### To do
In the entries below, find the line with "Pialba QLD Mackay Tourism" and the line with "Organic T-Shirt Thumbnail"; reproduce those two lines and all lines between them exactly, without pictures.

[[ Data records open ]]

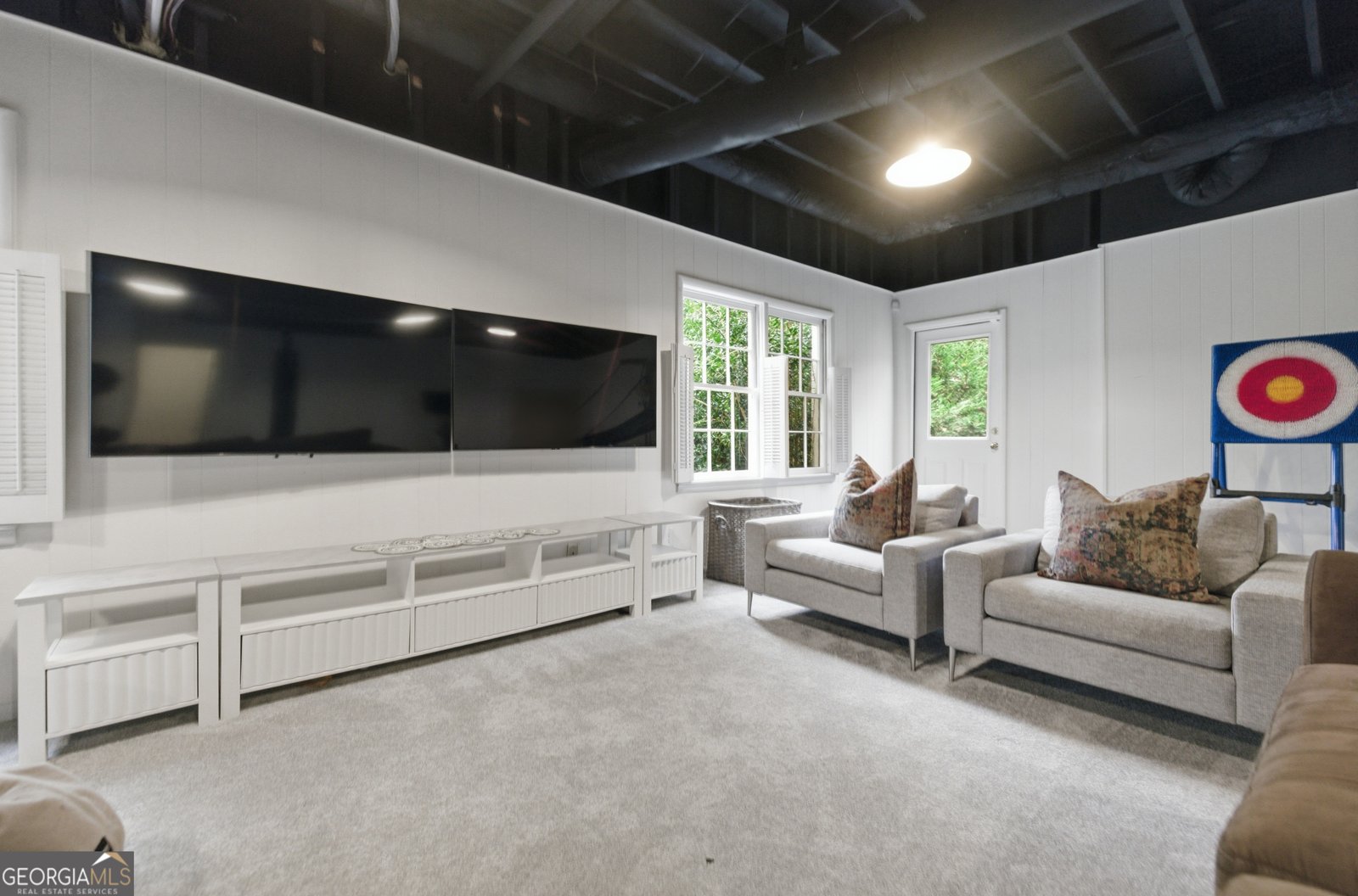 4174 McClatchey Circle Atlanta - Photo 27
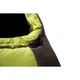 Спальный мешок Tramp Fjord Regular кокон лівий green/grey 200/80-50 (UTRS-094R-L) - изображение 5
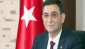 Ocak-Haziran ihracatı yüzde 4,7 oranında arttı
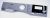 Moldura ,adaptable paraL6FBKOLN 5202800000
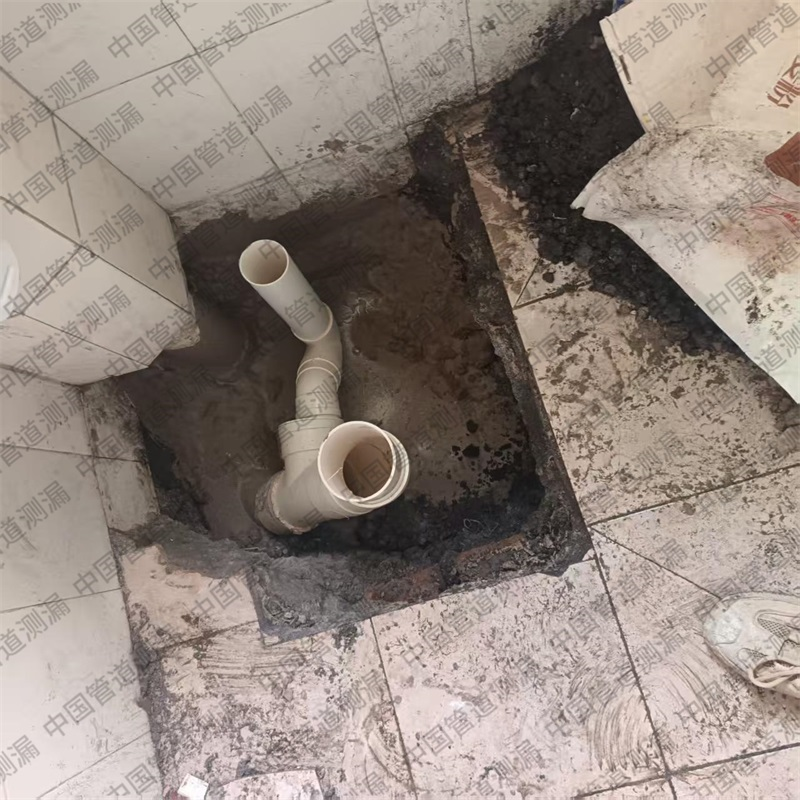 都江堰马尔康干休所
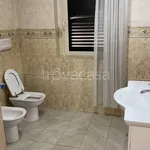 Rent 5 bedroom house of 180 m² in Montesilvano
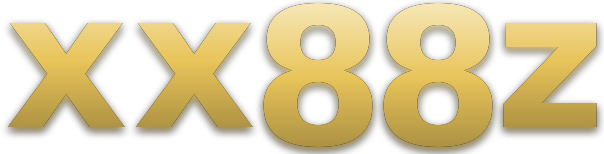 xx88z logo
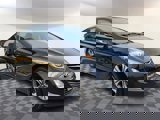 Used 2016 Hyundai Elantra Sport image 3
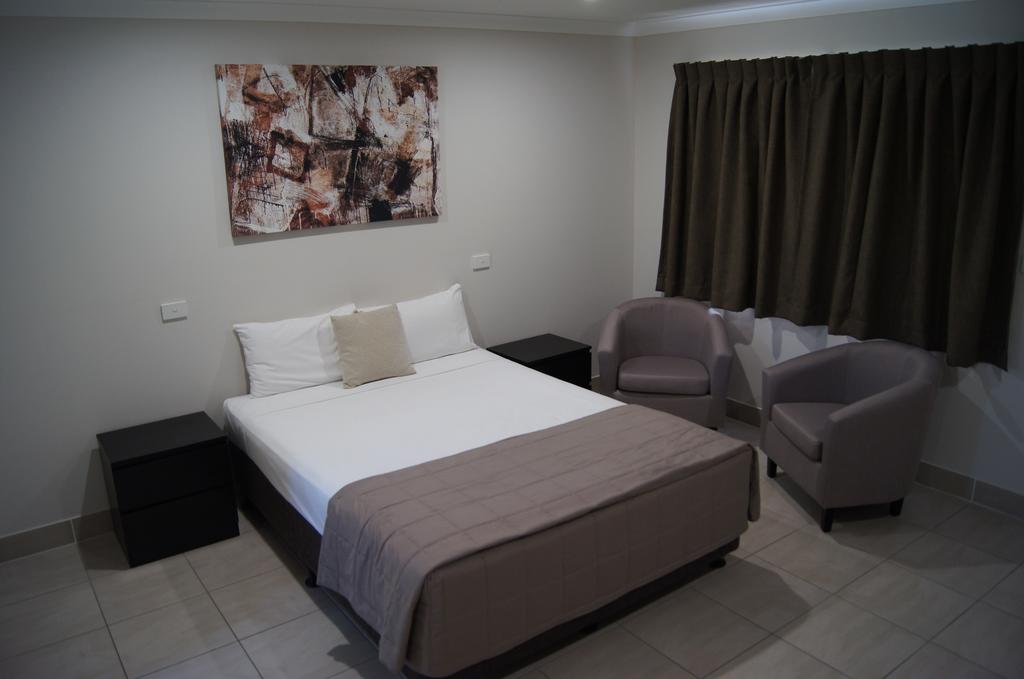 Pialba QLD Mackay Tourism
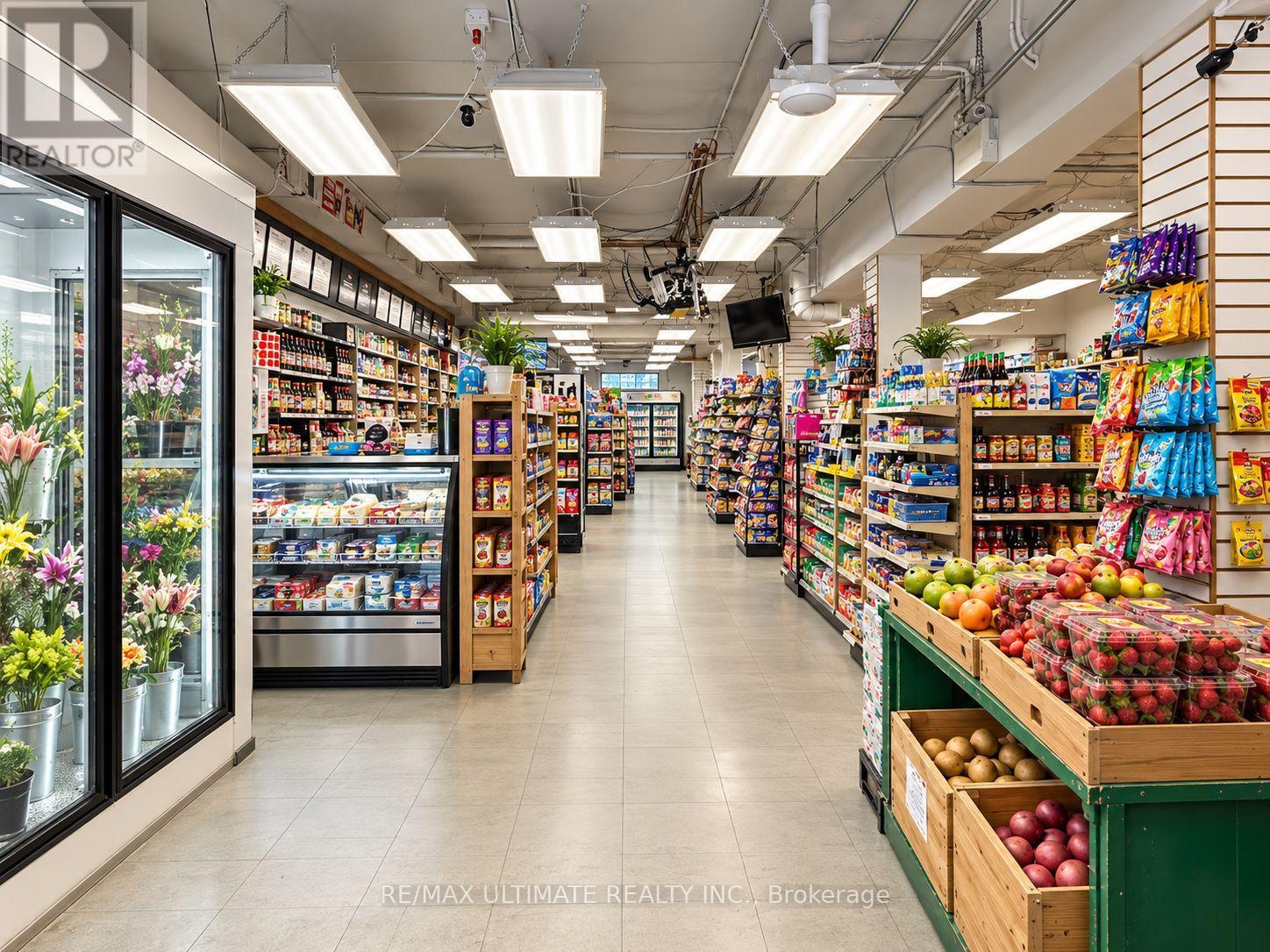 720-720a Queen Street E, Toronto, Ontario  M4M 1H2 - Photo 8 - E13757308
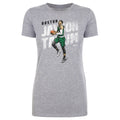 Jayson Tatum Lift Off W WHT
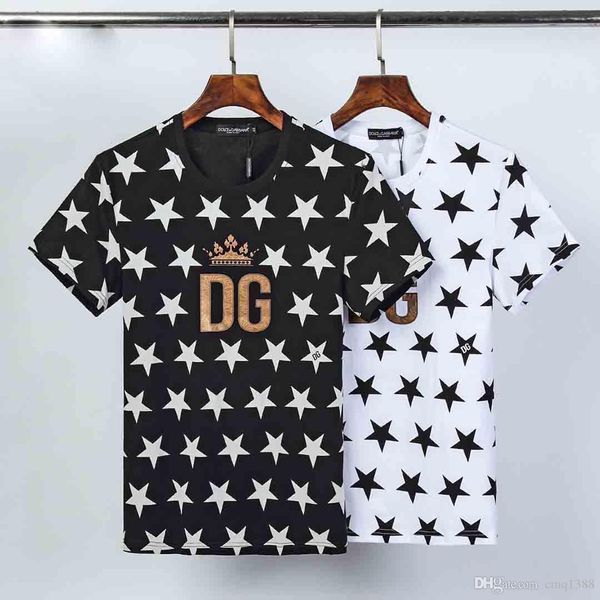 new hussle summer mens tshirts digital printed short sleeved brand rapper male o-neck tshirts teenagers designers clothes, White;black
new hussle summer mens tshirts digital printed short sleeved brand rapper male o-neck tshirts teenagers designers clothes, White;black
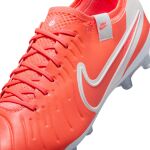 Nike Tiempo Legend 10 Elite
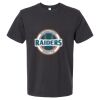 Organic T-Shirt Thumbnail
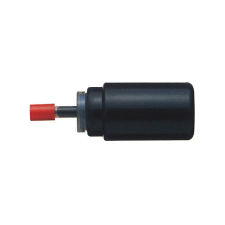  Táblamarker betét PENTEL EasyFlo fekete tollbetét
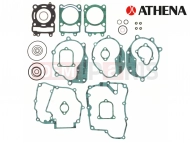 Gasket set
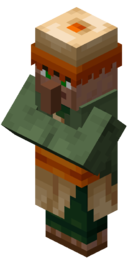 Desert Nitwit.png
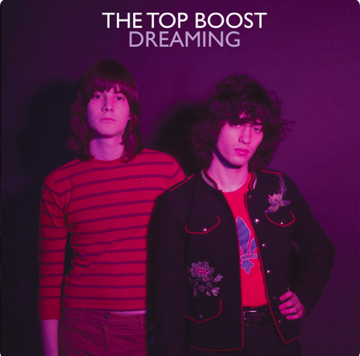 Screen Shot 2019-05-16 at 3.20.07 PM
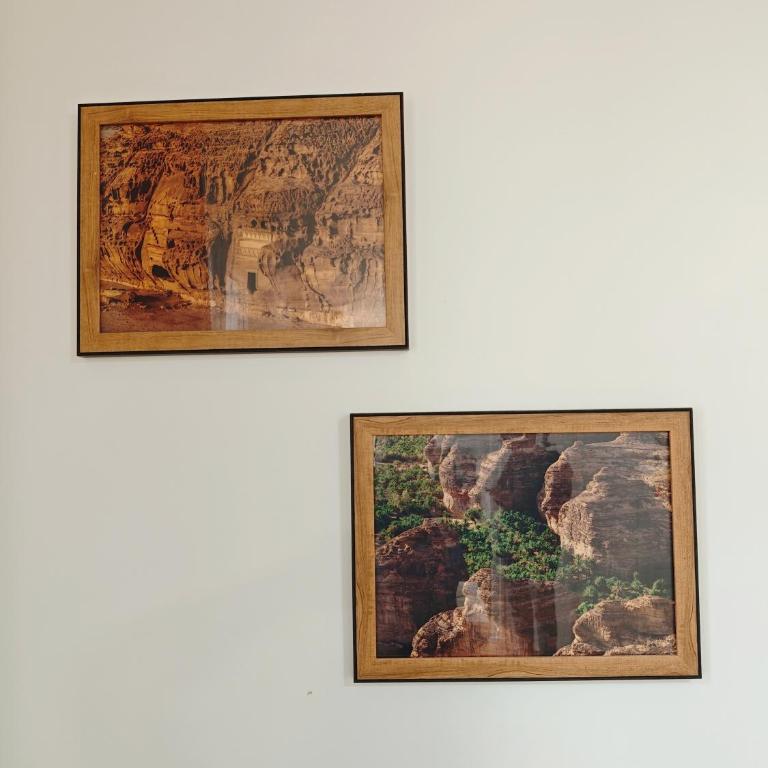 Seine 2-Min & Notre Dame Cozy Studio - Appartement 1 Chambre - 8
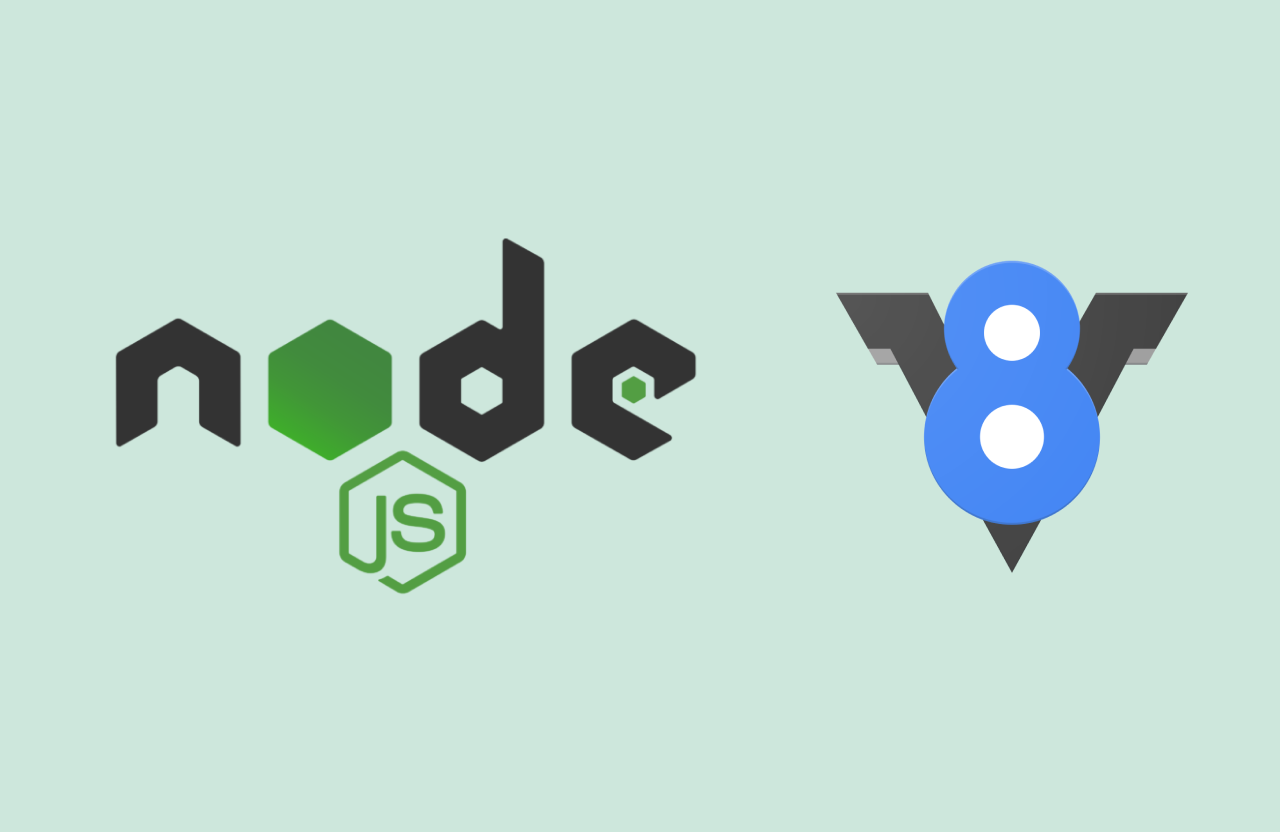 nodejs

[[ Data records closed ]]

### Response below
 Pialba QLD Mackay Tourism
 720-720a Queen Street E, Toronto, Ontario  M4M 1H2 - Photo 8 - E13757308
 Jayson Tatum Lift Off W WHT
 new hussle summer mens tshirts digital printed short sleeved brand rapper male o-neck tshirts teenagers designers clothes, White;black
new hussle summer mens tshirts digital printed short sleeved brand rapper male o-neck tshirts teenagers designers clothes, White;black
 Nike Tiempo Legend 10 Elite
 Organic T-Shirt Thumbnail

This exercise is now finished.